Kaum tanpa klass berhadapan langsung dengan kapitalisme, yang berusaha mempribadikan produksi dan kekayaan sosial mereka. Eksploitasi kapitalistik dewasa ini adalah privatisasi sebagian atau seluruh nilai yang diproduksi secara kolektif. Solidaritas dan komunikasi pada dasarnya adalah ”yang sosial”. Namun, kapitalisme berhasil memprivatisasinya.

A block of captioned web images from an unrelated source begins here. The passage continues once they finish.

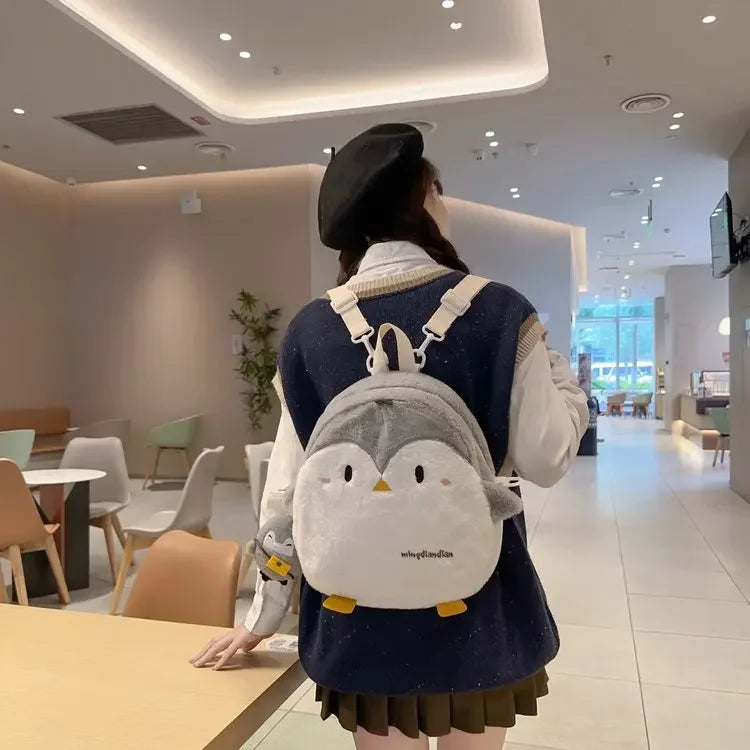 Sac à dos en peluche douce Kawaii pour femmes, mignon pingouin, mini sac à dos d'école pour adolescentes, sacs chauds en fausse fourrure, Mochilas Femininas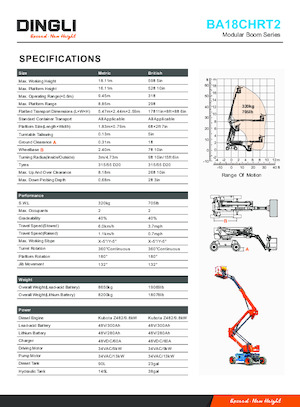 Piattaforme aeree articolate gommate Dingli BA18CHRT2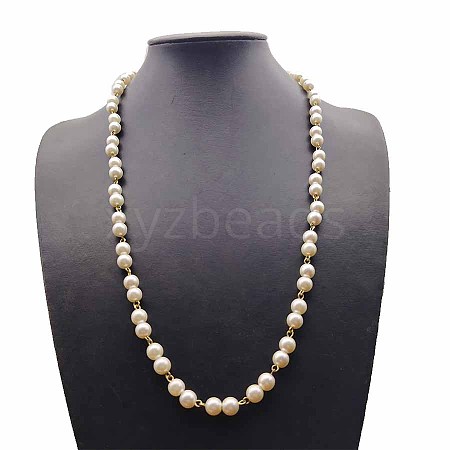 Imitation Pink Pearl with Ring Micro Pave Cubic Zircoia Necklaces VH6492-1-1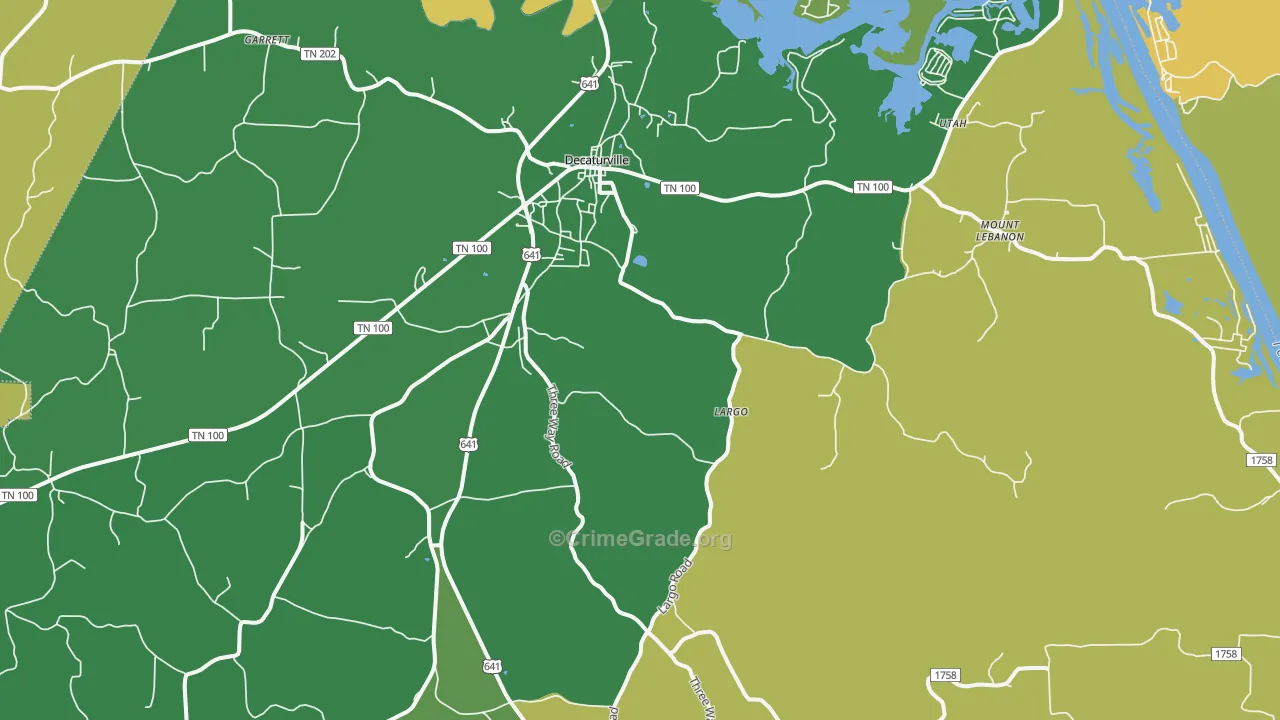 Decaturville, TN Map of Vehicle Theft Rates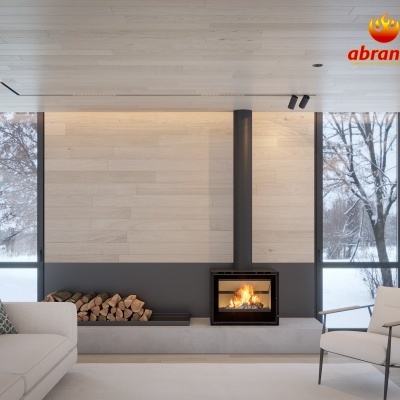 Sala de estar com lareira embutida e decoração moderna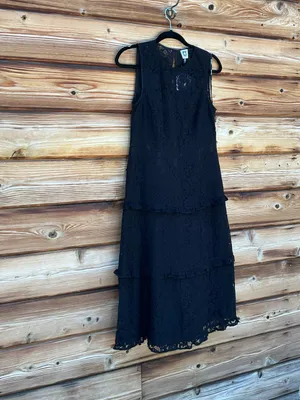 Black Size 6 Lace Sleeveless Tiered Ruffle Midi Dress thumbnail 5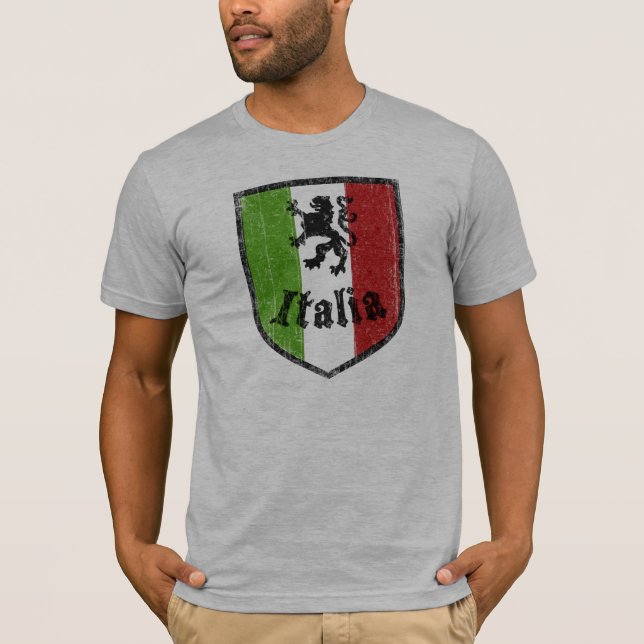 T-shirt das cinzas da crista da bandeira de Italia (Frente)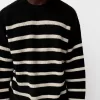 Striped purl knit sweater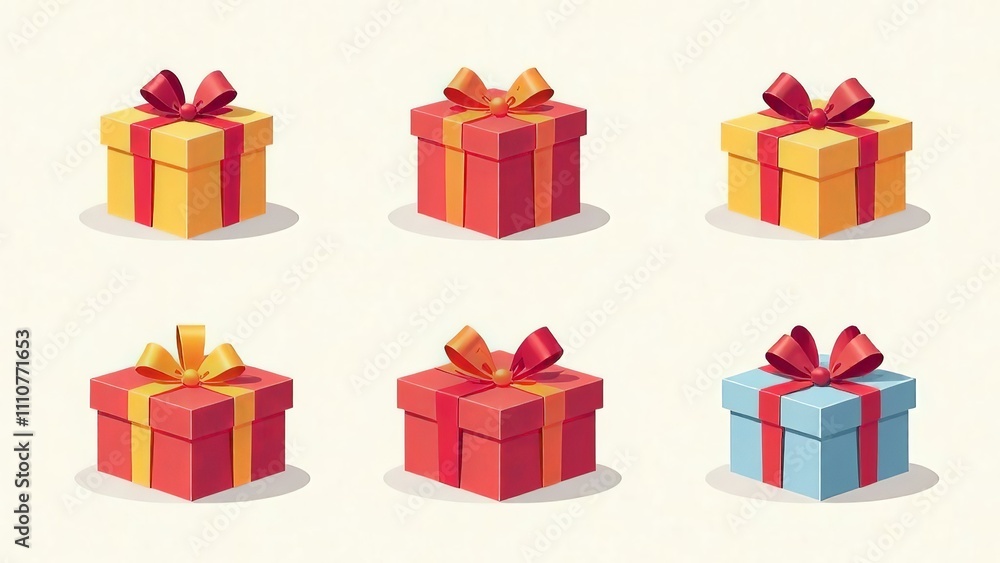 Fototapeta premium illustratiob set of gifts, presents and sale conception
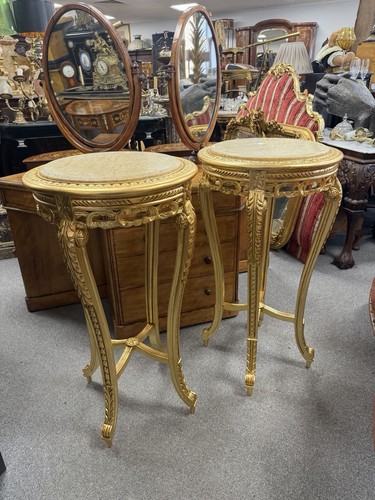 Pair gilt marble jardinières - marble,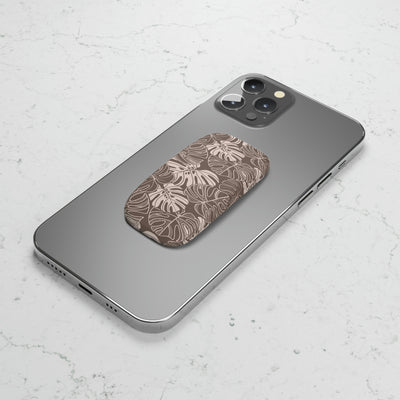 Monstera Dream - Mocha - Phone Click-On Grip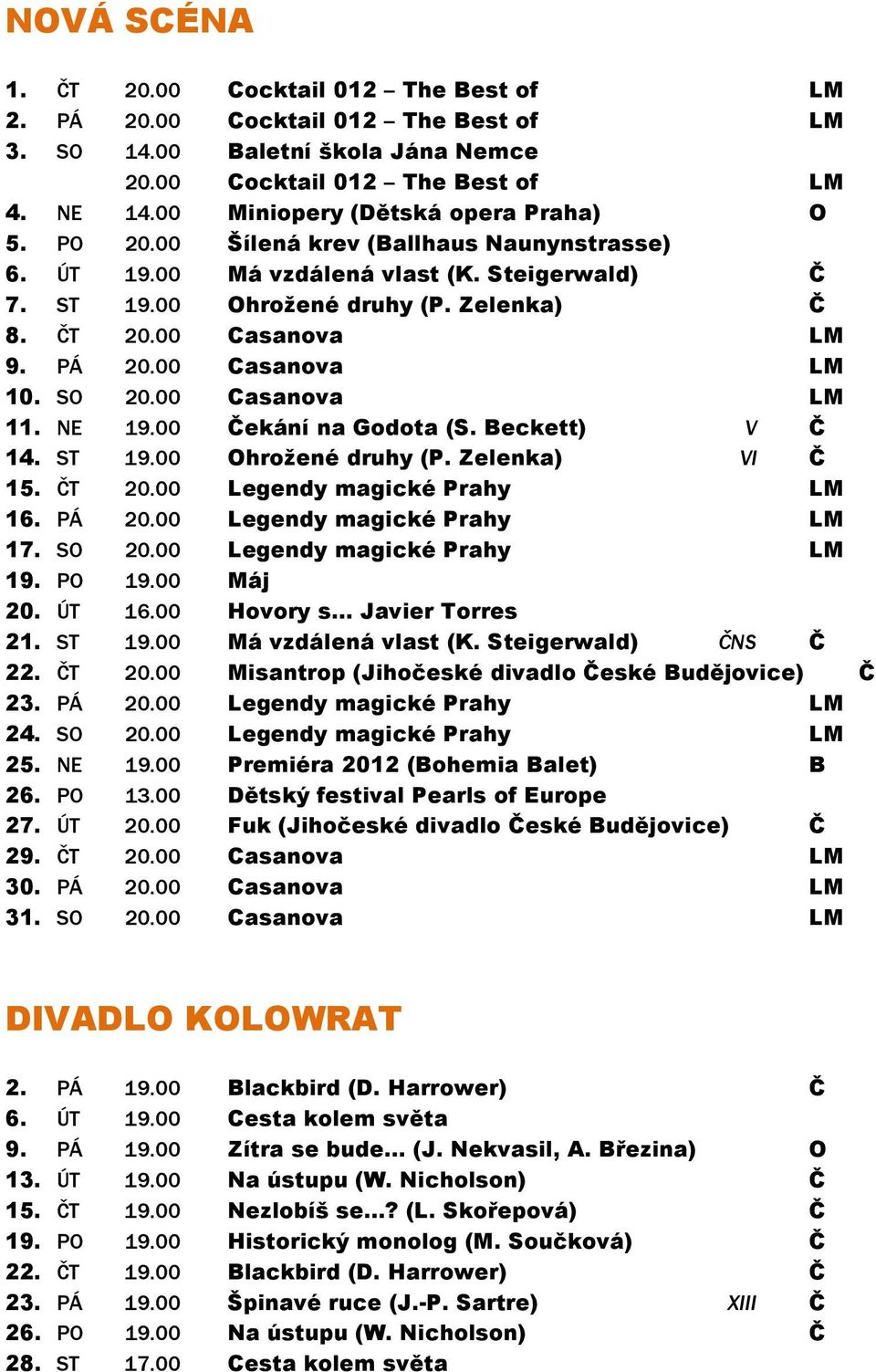 00 Casanova LM 9. PÁ 20.00 Casanova LM 10. SO 20.00 Casanova LM 11. NE 19.00 Čekání na Godota (S. Beckett) V Č 14. ST 19.00 Ohrožené druhy (P. Zelenka) VI Č 15. ČT 20.00 Legendy magické Prahy LM 16.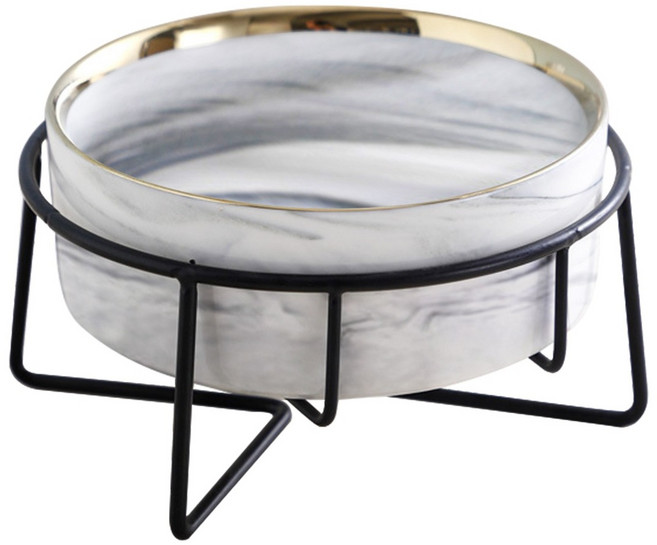 ANTIFLOW 반려동물 마블 세라믹 식기 강아지 고양이 밥그릇 모던 식기, 1개, 마블 그레이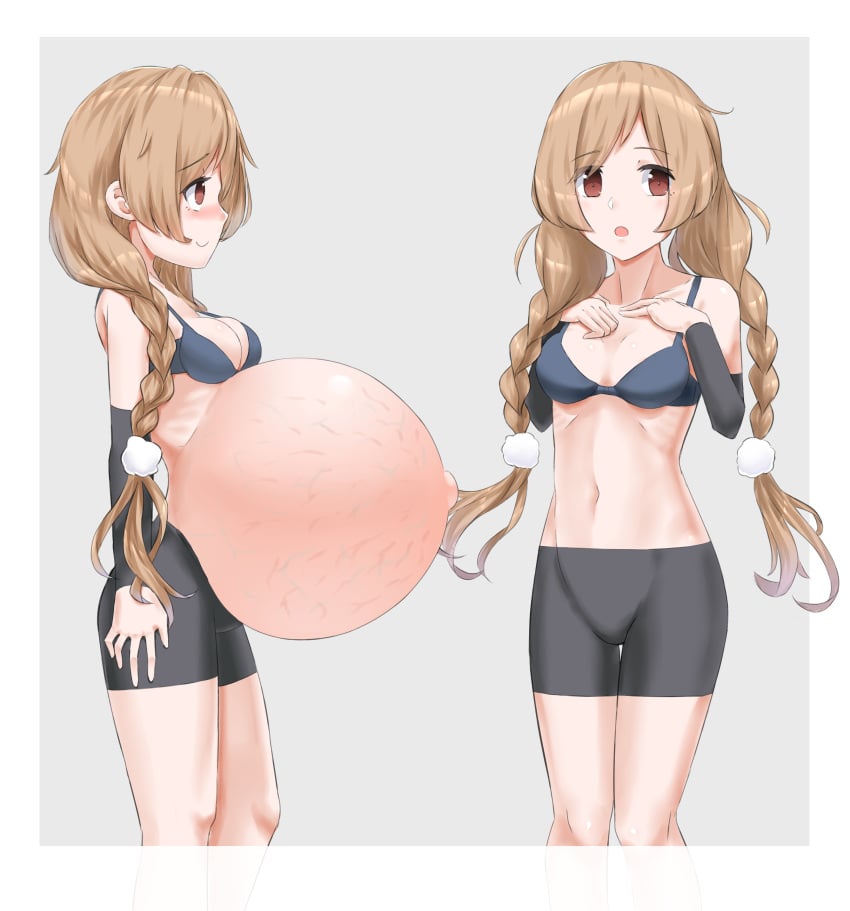 1girls before_and_after before_and_during_pregnancy bike_shorts black_armwear bra braided_twintails braids detached_sleeves female female_only garylin huge_belly kantai_collection light_brown_hair long_hair minegumo_(kantai_collection) outie_navel ovum popped_navel pregnancy_progression pregnant profile ready_to_pop sidebelly small_breasts solo sperm_cell stretch_marks veiny_belly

Saat kita berobat ke rumah sakit swasta internasional, kita mendapati pelayanan afektif berlebihan. Itu bukan disebabkan sikap bawaan para pelayan kesehatan, melainkan karena rumah sakit mengorganisasi produksi afeksi secara ekonomistik. Pantai yang tadinya arena bermain publik bagi anak- anak sekarang dipagari jadi pantai pribadi milik hotel-hotel internasional. Kebahagiaan, kesehatan, perkembangan budaya anak-anak sekarang menjadi urusan pribadi, bukan lagi sosial.

Sebagai ancaman serius kapitalisme, kaum tanpa klass lantas dijinakkan. Ada dua opsi yang diambil kapitalisme. Pertama, kaum ini diintegrasikan secara paksa ke dalam proses produksi kapitalistik. Mereka diberi baju buruh upahan yang dapat diorganisasi dan dikendalikan. Kedua, kapitalisme memperberat syarat perekrutan sehingga kaum tanpa klass tetap melata di jalan-jalan menunggu mati. Kapitalisme juga memakai tangan penguasa untuk menyingkirkan mereka secara sosial. Logistik bukan persoalan. Kapitalisme punya cadangan dana sosial yang dalam bahasa sekarang disebut ”tanggung jawab sosial perusahaan” untuk menjinakkan kaum ini.

Kaum tanpa klass adalah kelompok yang sudah cukup lama dibisukan secara politik. Tak ada parpol yang sungguh memperjuangkan mereka. Sebab, mereka bukan isu politik yang laku dijual. Pekerja rumah tangga misalnya, dianggap berada di luar logika buruh upahan-industrial. Akibatnya, rancangan undang-undang pekerja rumah tangga (RUU PRT) pun dikeluarkan dari program legislasi nasional. Segenap marginalisasi tersebut perlu dilawan secara politik.

Sudah saatnya kaum tanpa klass melepaskan diri dari jerat ganda kapitalisme-negara dan memaklumatkan diri sebagai subyek politik yang berdaulat di masa pandemi virus (Vulgus, Negri) ini. Kekuatan produktif dan sosial mereka adalah modal untuk membentuk apa yang Antonio Negri sebut sebagai “multitudo”. Multitudo adalah kekuatan sosial yang cair, tetapi dahsyat sehingga tak mudah ditundukkan oleh dominasi kapitalisme-negara. Dengan kekuatan itu, kaum tanpa klass mampu menjadi subyek politik dan merebut harapan dengan tangan mereka sendiri. Kaum tanpa klass sedunia, bersatulah!